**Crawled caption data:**
'''
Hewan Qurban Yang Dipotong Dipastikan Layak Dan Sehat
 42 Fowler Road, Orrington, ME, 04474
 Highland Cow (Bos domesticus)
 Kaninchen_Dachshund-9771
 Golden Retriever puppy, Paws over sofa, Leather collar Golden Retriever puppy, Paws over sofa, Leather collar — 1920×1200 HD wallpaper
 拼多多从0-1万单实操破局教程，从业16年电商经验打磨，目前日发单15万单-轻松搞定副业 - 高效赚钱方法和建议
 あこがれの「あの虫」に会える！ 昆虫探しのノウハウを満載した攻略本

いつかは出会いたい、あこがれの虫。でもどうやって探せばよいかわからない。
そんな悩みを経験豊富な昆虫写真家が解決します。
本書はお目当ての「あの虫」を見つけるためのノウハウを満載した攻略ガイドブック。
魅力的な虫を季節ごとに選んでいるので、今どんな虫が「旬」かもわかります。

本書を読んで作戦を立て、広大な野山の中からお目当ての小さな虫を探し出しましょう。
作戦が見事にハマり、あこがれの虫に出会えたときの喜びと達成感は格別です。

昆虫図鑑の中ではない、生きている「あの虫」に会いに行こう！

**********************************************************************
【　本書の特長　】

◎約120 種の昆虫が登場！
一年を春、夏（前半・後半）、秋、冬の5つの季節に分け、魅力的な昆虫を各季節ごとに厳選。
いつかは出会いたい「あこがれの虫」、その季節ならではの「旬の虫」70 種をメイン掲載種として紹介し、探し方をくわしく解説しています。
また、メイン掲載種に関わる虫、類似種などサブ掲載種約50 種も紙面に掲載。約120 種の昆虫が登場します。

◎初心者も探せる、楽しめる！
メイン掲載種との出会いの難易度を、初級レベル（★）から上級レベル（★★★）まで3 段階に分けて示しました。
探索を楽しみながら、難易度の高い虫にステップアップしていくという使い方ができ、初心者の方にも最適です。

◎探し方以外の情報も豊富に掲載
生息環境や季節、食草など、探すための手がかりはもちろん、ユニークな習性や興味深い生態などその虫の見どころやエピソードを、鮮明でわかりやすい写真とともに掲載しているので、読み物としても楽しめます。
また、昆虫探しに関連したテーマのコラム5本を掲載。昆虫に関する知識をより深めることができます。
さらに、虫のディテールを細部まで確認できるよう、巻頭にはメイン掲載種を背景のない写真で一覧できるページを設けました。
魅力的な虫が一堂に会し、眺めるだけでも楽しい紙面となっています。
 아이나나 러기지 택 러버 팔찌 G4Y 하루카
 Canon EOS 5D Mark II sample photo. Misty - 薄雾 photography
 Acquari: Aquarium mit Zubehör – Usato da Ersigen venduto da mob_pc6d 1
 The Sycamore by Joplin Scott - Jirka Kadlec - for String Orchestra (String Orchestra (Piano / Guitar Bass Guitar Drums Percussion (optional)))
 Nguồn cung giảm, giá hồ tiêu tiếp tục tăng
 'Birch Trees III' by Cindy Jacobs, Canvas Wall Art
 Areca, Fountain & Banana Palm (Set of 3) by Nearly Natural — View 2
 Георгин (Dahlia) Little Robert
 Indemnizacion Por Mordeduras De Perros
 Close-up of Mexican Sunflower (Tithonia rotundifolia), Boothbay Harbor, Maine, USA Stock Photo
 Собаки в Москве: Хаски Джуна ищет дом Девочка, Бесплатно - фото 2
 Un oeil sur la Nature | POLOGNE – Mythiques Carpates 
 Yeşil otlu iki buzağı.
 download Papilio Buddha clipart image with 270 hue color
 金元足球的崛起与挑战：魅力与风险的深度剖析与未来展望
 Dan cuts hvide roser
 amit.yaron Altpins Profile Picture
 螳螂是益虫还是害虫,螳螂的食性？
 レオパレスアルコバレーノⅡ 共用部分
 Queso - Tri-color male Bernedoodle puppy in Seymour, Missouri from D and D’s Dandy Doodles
'''
**Exercise instructions:** Exactly the lines running from the top of the records to the line that contains "download Papilio Buddha", inclusive, must be set down, and nothing more.

**Written reply:**
Hewan Qurban Yang Dipotong Dipastikan Layak Dan Sehat
 42 Fowler Road, Orrington, ME, 04474
 Highland Cow (Bos domesticus)
 Kaninchen_Dachshund-9771
 Golden Retriever puppy, Paws over sofa, Leather collar Golden Retriever puppy, Paws over sofa, Leather collar — 1920×1200 HD wallpaper
 拼多多从0-1万单实操破局教程，从业16年电商经验打磨，目前日发单15万单-轻松搞定副业 - 高效赚钱方法和建议
 あこがれの「あの虫」に会える！ 昆虫探しのノウハウを満載した攻略本

いつかは出会いたい、あこがれの虫。でもどうやって探せばよいかわからない。
そんな悩みを経験豊富な昆虫写真家が解決します。
本書はお目当ての「あの虫」を見つけるためのノウハウを満載した攻略ガイドブック。
魅力的な虫を季節ごとに選んでいるので、今どんな虫が「旬」かもわかります。

本書を読んで作戦を立て、広大な野山の中からお目当ての小さな虫を探し出しましょう。
作戦が見事にハマり、あこがれの虫に出会えたときの喜びと達成感は格別です。

昆虫図鑑の中ではない、生きている「あの虫」に会いに行こう！

**********************************************************************
【　本書の特長　】

◎約120 種の昆虫が登場！
一年を春、夏（前半・後半）、秋、冬の5つの季節に分け、魅力的な昆虫を各季節ごとに厳選。
いつかは出会いたい「あこがれの虫」、その季節ならではの「旬の虫」70 種をメイン掲載種として紹介し、探し方をくわしく解説しています。
また、メイン掲載種に関わる虫、類似種などサブ掲載種約50 種も紙面に掲載。約120 種の昆虫が登場します。

◎初心者も探せる、楽しめる！
メイン掲載種との出会いの難易度を、初級レベル（★）から上級レベル（★★★）まで3 段階に分けて示しました。
探索を楽しみながら、難易度の高い虫にステップアップしていくという使い方ができ、初心者の方にも最適です。

◎探し方以外の情報も豊富に掲載
生息環境や季節、食草など、探すための手がかりはもちろん、ユニークな習性や興味深い生態などその虫の見どころやエピソードを、鮮明でわかりやすい写真とともに掲載しているので、読み物としても楽しめます。
また、昆虫探しに関連したテーマのコラム5本を掲載。昆虫に関する知識をより深めることができます。
さらに、虫のディテールを細部まで確認できるよう、巻頭にはメイン掲載種を背景のない写真で一覧できるページを設けました。
魅力的な虫が一堂に会し、眺めるだけでも楽しい紙面となっています。
 아이나나 러기지 택 러버 팔찌 G4Y 하루카
 Canon EOS 5D Mark II sample photo. Misty - 薄雾 photography
 Acquari: Aquarium mit Zubehör – Usato da Ersigen venduto da mob_pc6d 1
 The Sycamore by Joplin Scott - Jirka Kadlec - for String Orchestra (String Orchestra (Piano / Guitar Bass Guitar Drums Percussion (optional)))
 Nguồn cung giảm, giá hồ tiêu tiếp tục tăng
 'Birch Trees III' by Cindy Jacobs, Canvas Wall Art
 Areca, Fountain & Banana Palm (Set of 3) by Nearly Natural — View 2
 Георгин (Dahlia) Little Robert
 Indemnizacion Por Mordeduras De Perros
 Close-up of Mexican Sunflower (Tithonia rotundifolia), Boothbay Harbor, Maine, USA Stock Photo
 Собаки в Москве: Хаски Джуна ищет дом Девочка, Бесплатно - фото 2
 Un oeil sur la Nature | POLOGNE – Mythiques Carpates 
 Yeşil otlu iki buzağı.
 download Papilio Buddha clipart image with 270 hue color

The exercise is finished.